Give again, word for word, the lines below that run from the line with "เสื้อยืดคอตตอนถัก 100% ทรงโอเวอร์ไซส์" through the line with "Wishing You a Special Day Birthday Card". Drop the pictures.

#### Data to examine

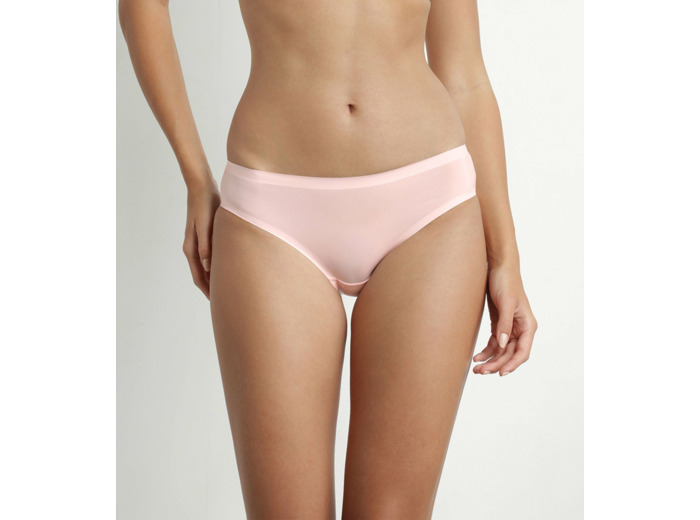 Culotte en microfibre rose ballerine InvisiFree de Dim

########
#### Data to examine

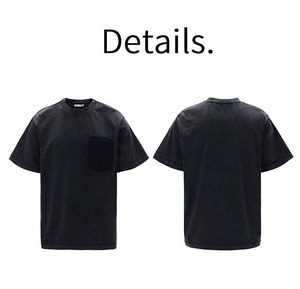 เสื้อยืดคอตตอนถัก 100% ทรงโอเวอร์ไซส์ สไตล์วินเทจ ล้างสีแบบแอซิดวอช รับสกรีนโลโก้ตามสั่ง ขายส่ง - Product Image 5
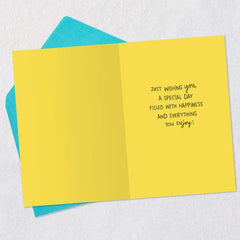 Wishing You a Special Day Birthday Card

########

*Output of the exercise:*
 เสื้อยืดคอตตอนถัก 100% ทรงโอเวอร์ไซส์ สไตล์วินเทจ ล้างสีแบบแอซิดวอช รับสกรีนโลโก้ตามสั่ง ขายส่ง - Product Image 5
 Wishing You a Special Day Birthday Card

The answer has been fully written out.